Michael Schumacher’s First F1 Winner Sells for €5 Million
Michael Schumacher’s breakthrough Formula 1 race winner has changed hands for a seven-figure sum, with the Benetton B192 he drove to his first grand prix victory selling for €5,082,000 at Broad Arrow auction.
The B192 etched its place in history at the 1992 Belgian Grand Prix, where Schumacher mastered the treacherous, rain-hit Spa-Francorchamps to take a maiden F1 win just a year after making his debut with Jordan. Driven by the German in five grands prix that season, the car marked the moment Schumacher stepped out of the shadows of Senna, Mansell and Prost and onto a trajectory that would redefine the sport.
Designed by Rory Byrne and run under the direction of Flavio Briatore, with Ross Brawn helping shape Benetton’s sharp competitive edge, the B192 was very much an outsider. It was a lean, purposeful machine built to take the fight to the dominant Williams and McLaren squads, powered by a 3.5-litre V8 and controlled through a manual gearbox the last manual Formula 1 car Benetton would ever produce.

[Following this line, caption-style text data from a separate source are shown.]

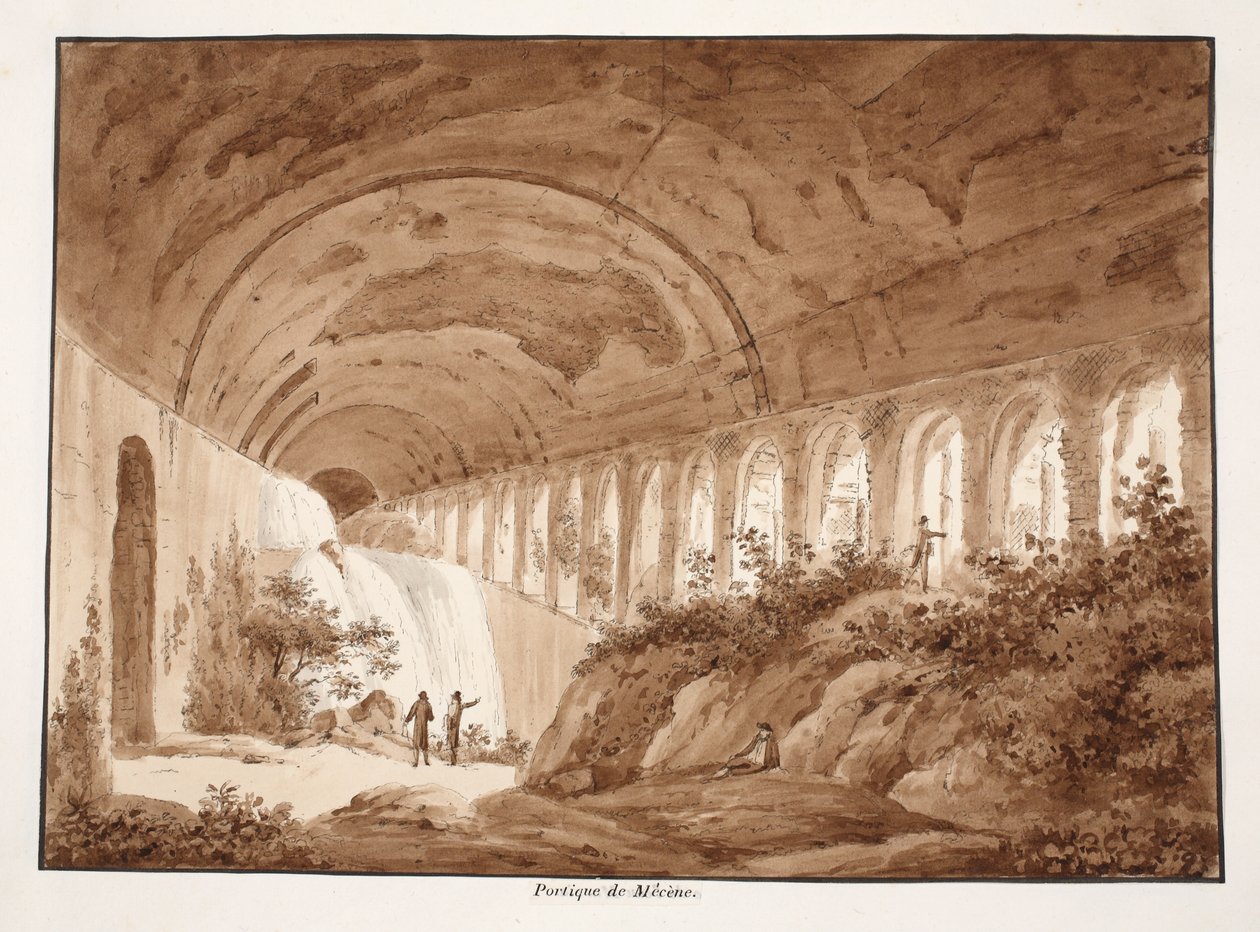 Portico of te Villa Maecenas, 1833 (ætsning med brun vask) af Agostino Tofanelli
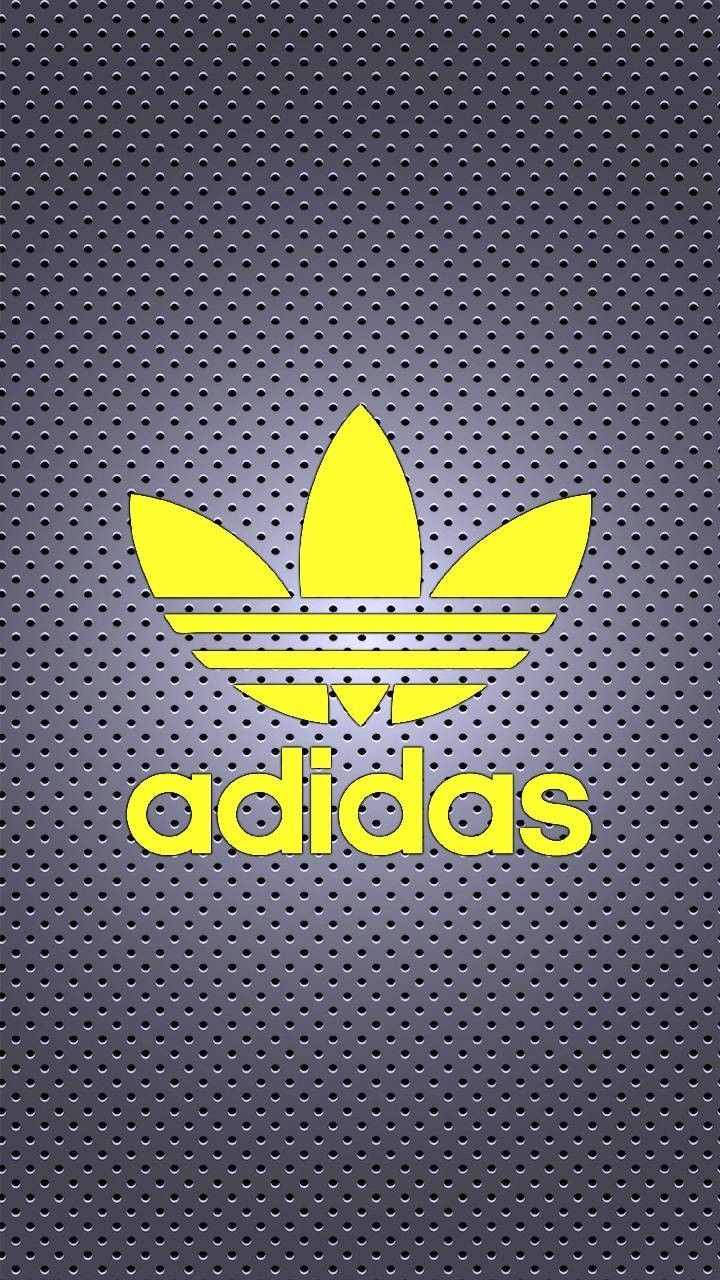 Adidas, Kleeblatt-Logo, Gelbes Logo, Lochblech, Grau, Hochformat, Hintergrundbild fürs Smartphone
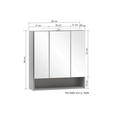 SPIEGELSCHRANK 60/64/20 cm  - Chromfarben/Eiche Wotan, Natur, Glas/Holzwerkstoff (60/64/20cm) - Xora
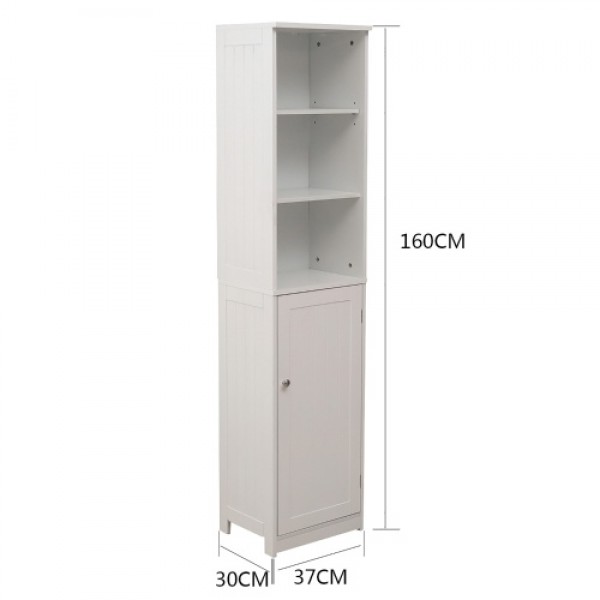 Floor Bathroom Cabinet Multifunctional Bathroom Storage Organizer with Door 3 Tier Shelf Wooden Rack Stand Cabinet White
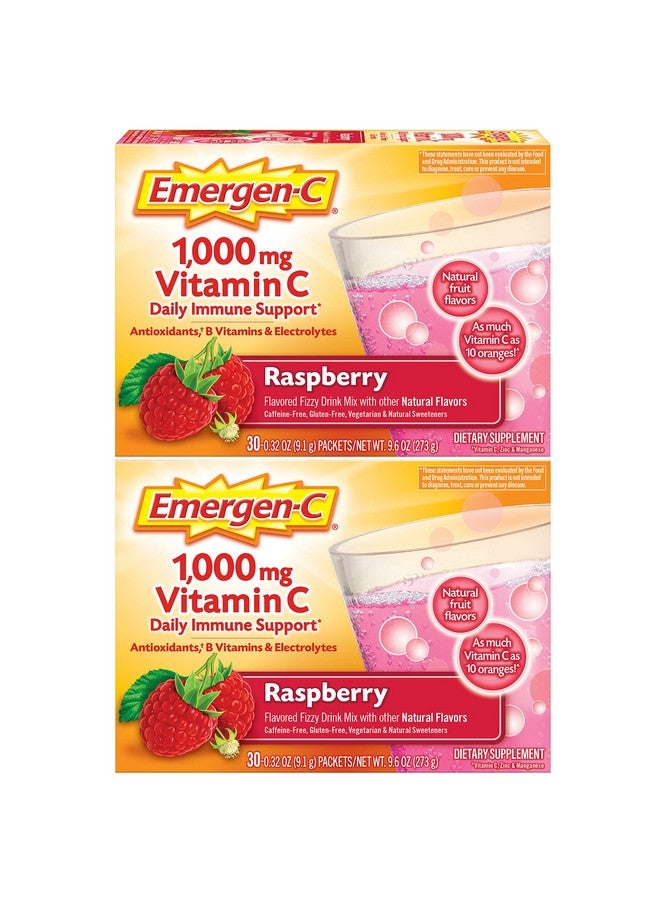 Emergen-C 1000Mg Vitamin C Powder With Antioxidants B Vitamins And Electrolytes Vitamin C Supplements For Immune Support Caffeine Free Drink Mix Raspberry Flavor 60 Count/2 Month Supply - Image 2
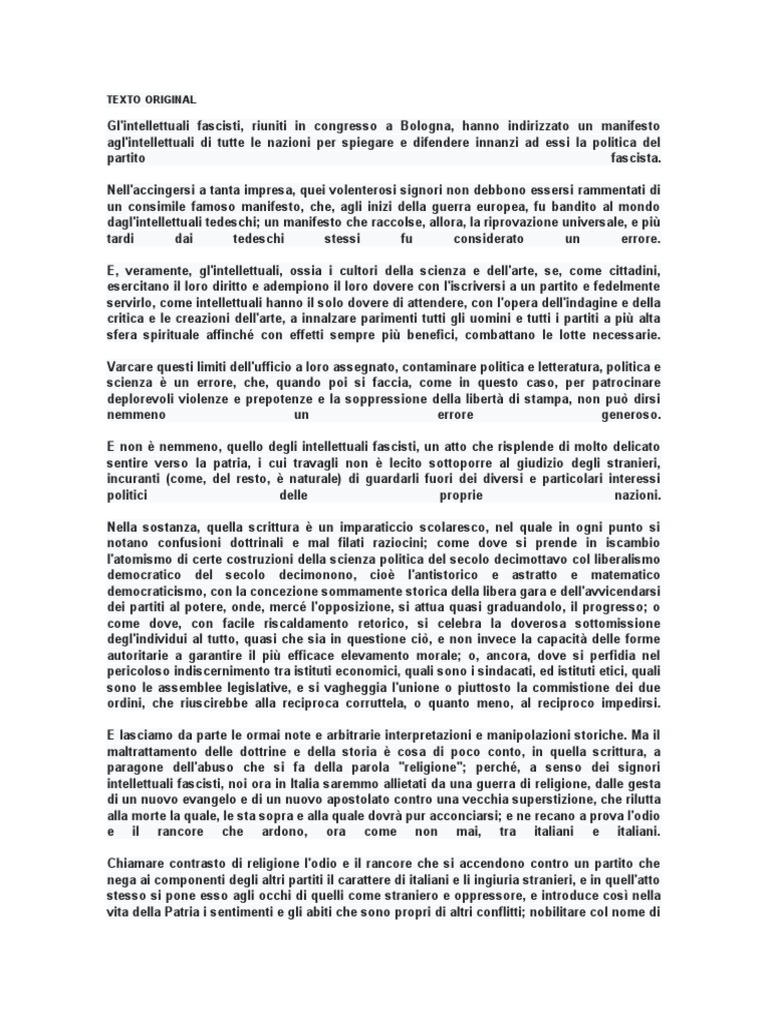 Manifesto Degli Intellettuali Antifascisti PDF
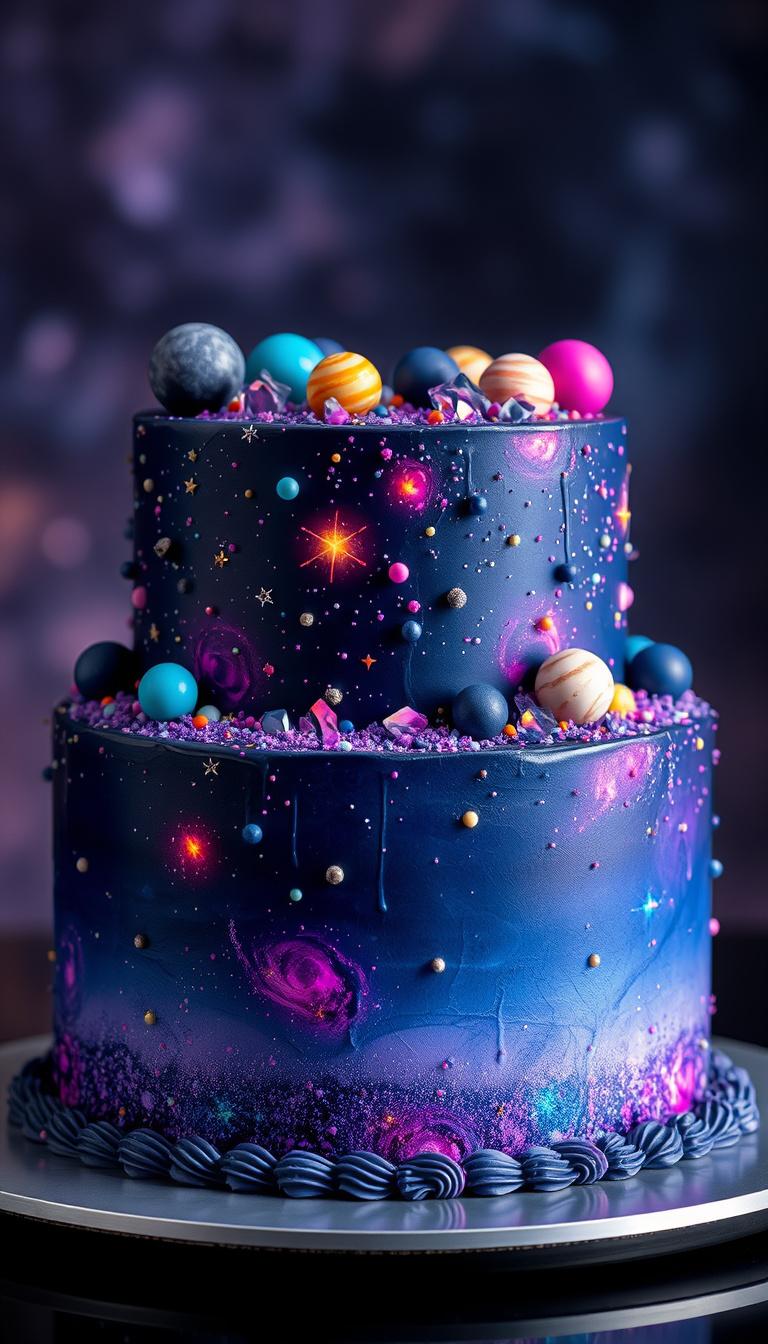 Main art studio: Ultra-realistic space-themed cake covered in deep dark-blue and purple frosting, decorated with glowing stars, colorful planets, tiny moons, sparkling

Originally estimated at €8.5 million, the final sale price still reflected the car’s immense historical gravity. As the auction house put it, this was not an ending but a beginning, the first decisive step on a road that would lead Schumacher to seven world championships. Time has moved on, eras have changed, but the car that launched one of Formula 1’s greatest legends remains exactly that, a legend.